Я обращаюсь к тем, кто не верит в безусловную непогрешимость даже лучших умов. Рембрандту надо было изобразить роту вооруженных людей. Не было ничего проще, как показать нам, что они собираются делать; но он выразил это так небрежно, что даже в самом Амстердаме до сих пор ничего не могут понять. Он должен был придать фигурам портретное сходство — оно сомнительно; изобразить характерные костюмы — они большей частью фантастичны; создать живописный эффект — но этот эффект оказался таков, что картина стала неразрешимой загадкой. Страна, место, время действия, сюжет, люди, вещи — все исчезло в бурной фантасмагории палитры. Обычно Рембрандт великолепно воспроизводит жизнь и превосходно воплощает в искусстве свою фантазию; он мыслитель но природе, выразитель света по дарованию. Здесь фантазия не к месту, нет ни жизни, ни мысли, которая бы все искупала. Что же касается света, то он добавляет еще одну непоследовательность к другим. Свет здесь сверхъестественный, беспокоящий, искусственный. Он словно излучается изнутри наружу, растворяя освещаемые им предметы. Я вижу явственно сверкающий огонь, но не вижу ни одного освещенного предмета. Свет этот ни прекрасен, ни правдив и ничем не мотивирован. В «Уроке анатомии» смерть была забыта ради игры красоты; здесь же две главные фигуры потеряли свои тела, свою индивидуальность, свой человеческий облик в сиянии блуждающих огней.
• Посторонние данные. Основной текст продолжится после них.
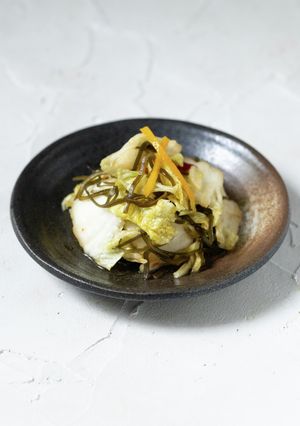 おつまみにも炒め物にも！ゆず塩昆布白菜-レシピのメイン写真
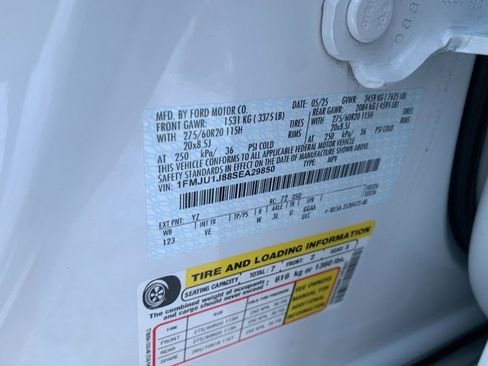 Used 2025 Ford Expedition Active image 33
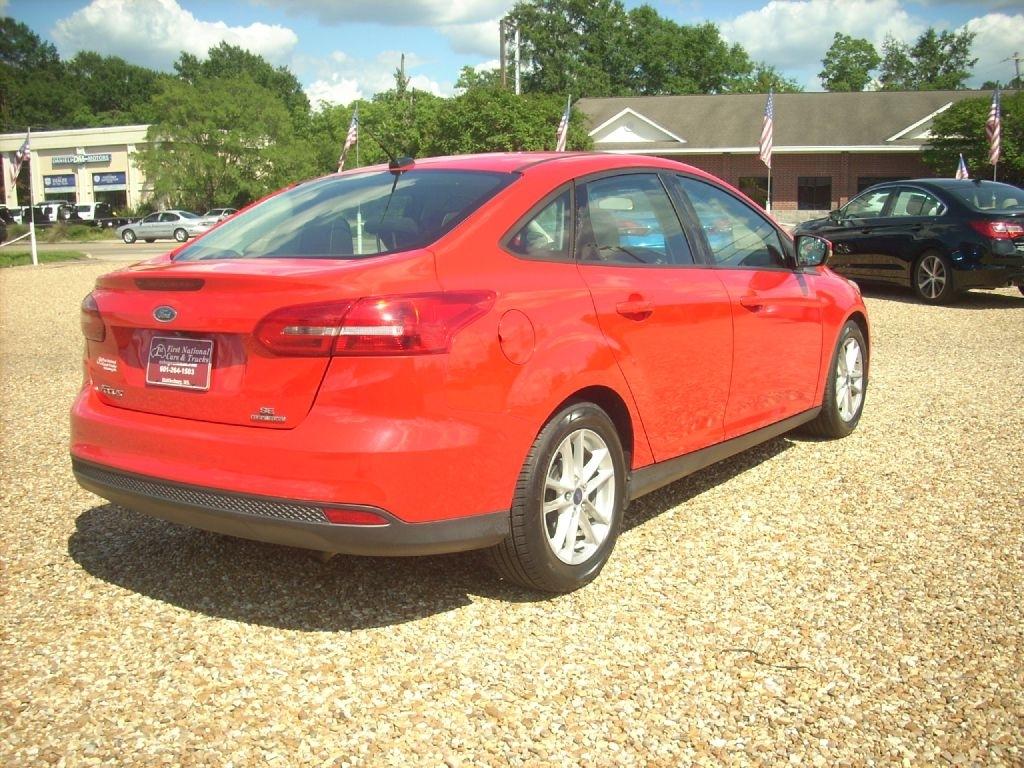 Ford Focus SE Sedan 2016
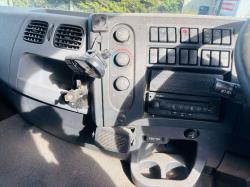 RENAULT D18 WIDE 4X2 BOX LORRY 30FT *C/W TAIL LIFT*VIDEO*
Как же случилось, что такой ум мог так заблудиться, что, не сказав того, что он должен был сказать, он сказал то, о чем его не спрашивали? Он, такой ясный, такой глубокий, когда это нужно, — почему же здесь он не глубок и не ясен? Я спрашиваю вас: разве не рисовал и не писал он лучше, даже в своей манере? Разве как портретист не создавал он во сто раз лучшие портреты? Дает ли интересующая нас картина хотя бы приблизительное представление о силе этого творческого гения, когда он мирно сосредоточивается в самом себе? Наконец, где они, его великолепные идеи, всегда четко вырисовывающиеся на фоне чудесного сияния, как видение его доктора Фауста, являющееся в ослепительном венце лучей? Если же идей нет, то зачем столько лучей? Мне кажется, что разрешение этих сомнений можно найти на предшествующих страницах, если только они хоть сколько-нибудь ясны.